── Supplied material ──
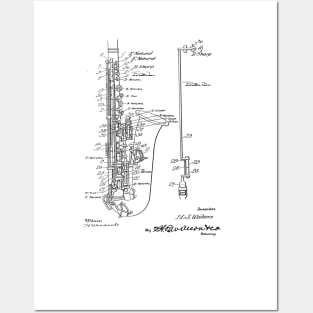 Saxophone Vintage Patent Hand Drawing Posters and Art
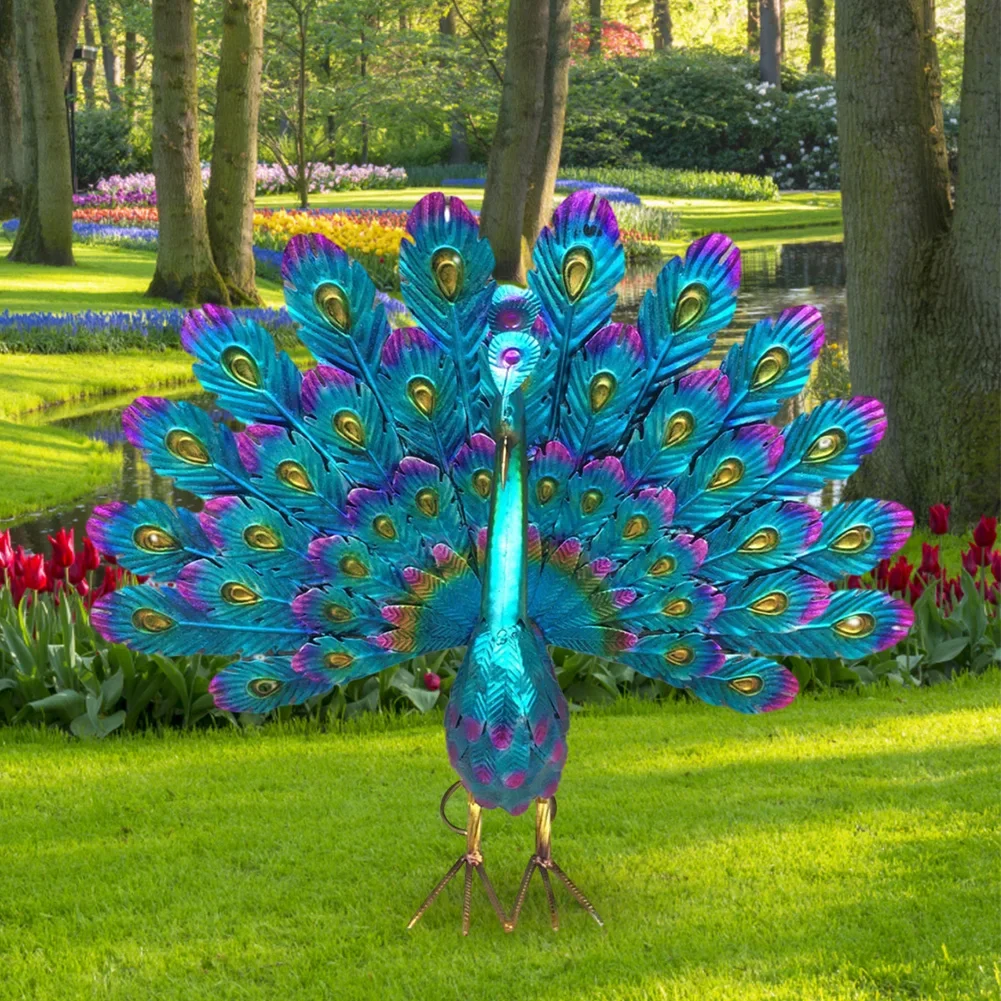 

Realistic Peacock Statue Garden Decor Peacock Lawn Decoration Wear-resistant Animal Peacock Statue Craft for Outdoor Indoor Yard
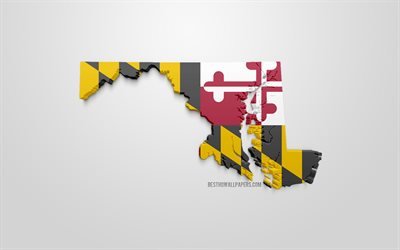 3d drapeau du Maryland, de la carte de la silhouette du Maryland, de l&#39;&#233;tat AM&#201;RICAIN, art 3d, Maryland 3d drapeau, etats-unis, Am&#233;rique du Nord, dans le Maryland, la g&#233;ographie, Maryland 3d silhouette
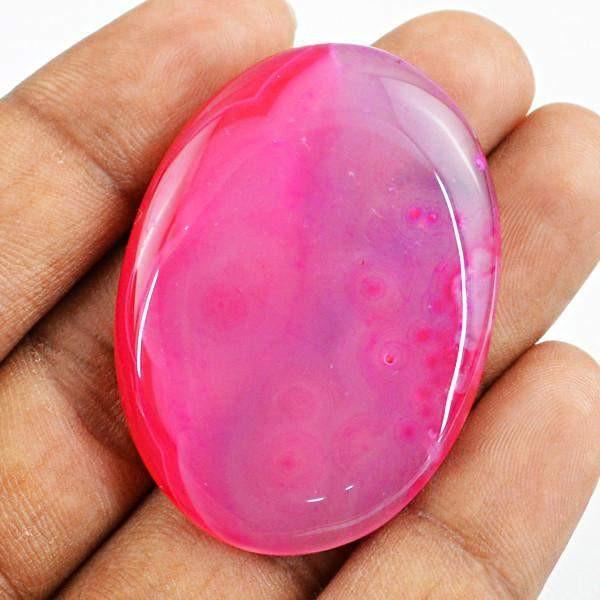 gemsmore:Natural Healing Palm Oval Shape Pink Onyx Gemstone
───
── Supplied material ──
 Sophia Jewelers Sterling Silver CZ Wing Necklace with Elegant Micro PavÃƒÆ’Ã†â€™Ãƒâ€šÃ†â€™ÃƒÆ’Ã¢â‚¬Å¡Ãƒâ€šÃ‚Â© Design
───
── Supplied material ──
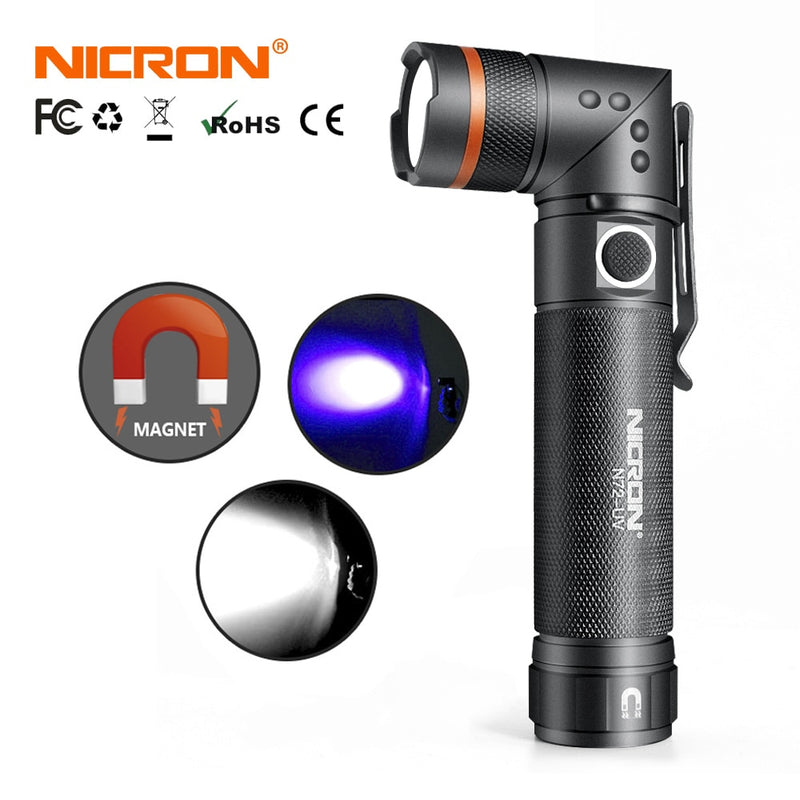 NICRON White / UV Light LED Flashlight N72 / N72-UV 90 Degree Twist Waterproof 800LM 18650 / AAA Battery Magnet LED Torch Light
───
*What to work on*
Copy only what lies between the line with "Saxophone Vintage Patent" and the line with "gemsmore:Natural Healing Palm", those two lines included, exactly as given above; pictures stay out.

*Task solution*
 Saxophone Vintage Patent Hand Drawing Posters and Art

Realistic Peacock Statue Garden Decor Peacock Lawn Decoration Wear-resistant Animal Peacock Statue Craft for Outdoor Indoor Yard
 3d drapeau du Maryland, de la carte de la silhouette du Maryland, de l&#39;&#233;tat AM&#201;RICAIN, art 3d, Maryland 3d drapeau, etats-unis, Am&#233;rique du Nord, dans le Maryland, la g&#233;ographie, Maryland 3d silhouette
 gemsmore:Natural Healing Palm Oval Shape Pink Onyx Gemstone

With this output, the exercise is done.